Flawed reasoning: Whether other diseases have or have not been cured has little bearing on whether we can develop a vaccine for COVID-19.
FULL CLAIM: “Can't make a vaccine that works for influenza. No vaccine for RSV. Can't cure cancer. But they sure as shit can make a vaccine in 6 months for an illness that they STILL don't understand”
REVIEW
A Facebook post published at the end of July 2020 expressed skepticism at how we could “make a vaccine in 6 months for an illness that [we] STILL don’t understand”—heavily implied to be COVID-19—by claiming that we “can’t make a vaccine that works for influenza” and “can’t cure cancer”. Posts resharing this message have been circulating in Facebook groups, including those which oppose vaccination and promote conspiracy theories, receiving more than 9,900 interactions on Facebook in just over a week according to CrowdTangle.
As this review explains below, the post relies on a mix of inaccurate information and flawed reasoning to question the possibility of developing a COVID-19 vaccine within six months. It is not clear based on what evidence the post asserts that scientists are sure to perform this feat in six months, which is an extremely short timeline; in fact, the general scientific consensus is that a vaccine would likely take at least a year to develop, if not more. The post also makes a reference to “drinking the Kool-Aid”, implying that scientists working to develop a COVID-19 vaccine are attempting to hoodwink and harm the general public, although the post does not explain what motive scientists would have for doing so.
The flu vaccine works to reduce the incidence and severity of flu, although it does not confer complete protection
The blanket statement that we have no vaccine that works for influenza is inaccurate. Studies have shown that the flu vaccine can reduce the incidence and severity of flu[1-6]. This was also the conclusion of a previous Health Feedback review regarding the efficacy of the flu shot in the elderly.

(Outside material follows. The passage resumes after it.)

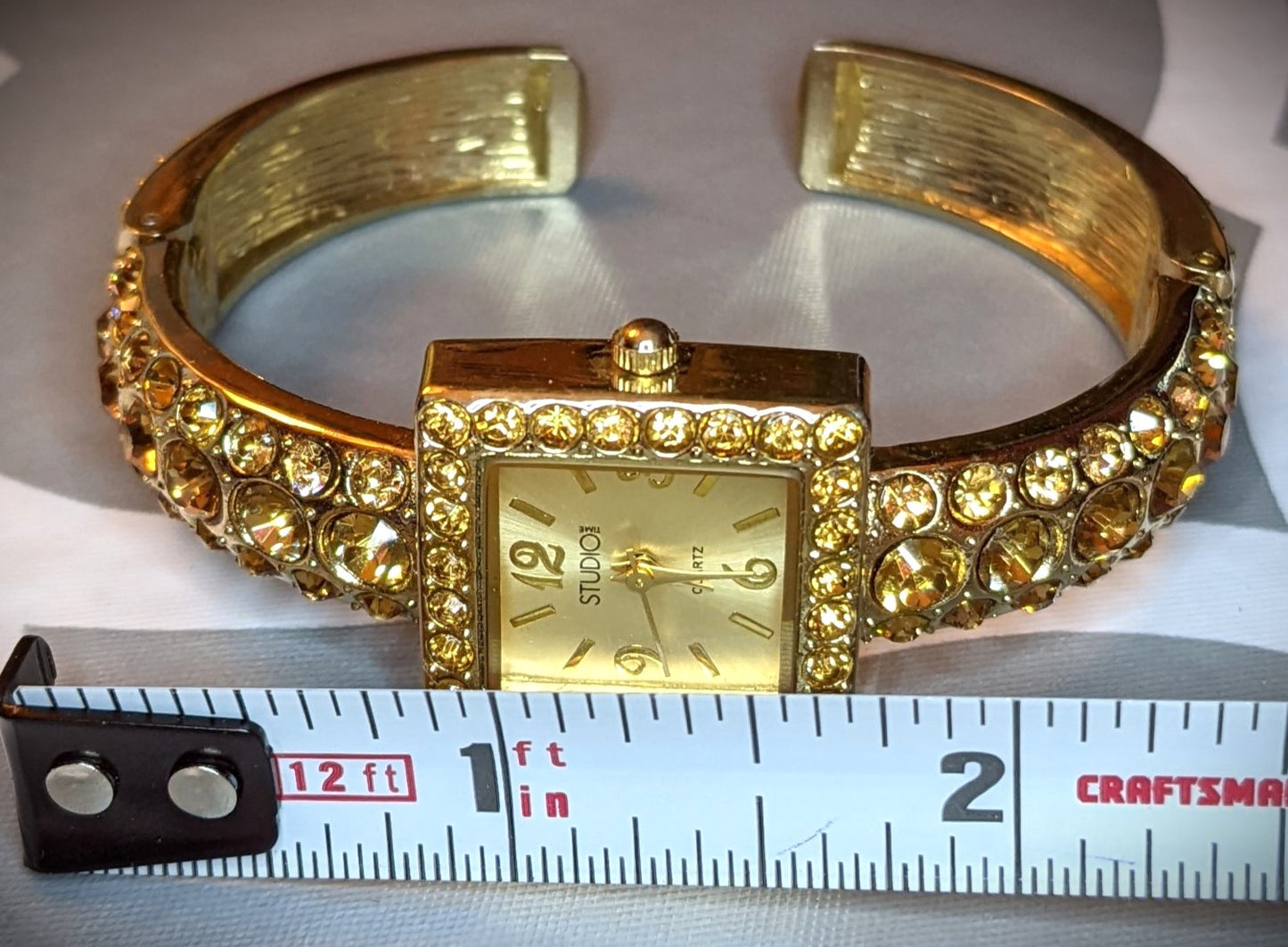 Studio Time Gold Tone Crystal Women's Cuff Watch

However, it is true that compared to other vaccines like the measles vaccine, which has about 93% effectiveness with one dose and 97% with two doses, the flu vaccine is not as effective. Furthermore, the effectiveness of the flu vaccine fluctuates from season to season. Based on data from the U.S Centers for Disease Control and Prevention (CDC), vaccine effectiveness over the past 10 flu seasons ranged from 19 to 60%.
Vaccine effectiveness is determined by the strains of inactivated flu viruses which are included in the shot, which may differ from season to season, depending on factors like genetic changes in the circulating flu viruses. The selection of flu vaccine strains is based on recommendations made by scientists using data from flu surveillance laboratories around the world, in order to understand which flu strains are circulating and causing illness. The recommendations are then issued by the WHO, although the health authority for each country makes the final decision regarding which flu strains are included in the vaccines licensed for their country. In the case of the U.S., this decision is made by the CDC.

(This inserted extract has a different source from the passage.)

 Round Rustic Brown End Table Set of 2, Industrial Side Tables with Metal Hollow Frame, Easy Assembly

There are instances where strain predictions for a particular flu season turned out to be a mismatch, which likely led the effectiveness of the flu vaccine to be lower than expected. However, even a mismatched flu vaccine can provide partial protection against the flu. The post’s implication that the vaccine does not work because it does not produce perfect results is an example of the nirvana fallacy, in which a realistic solution to a problem is dismissed simply because it does not achieve an impossible ideal.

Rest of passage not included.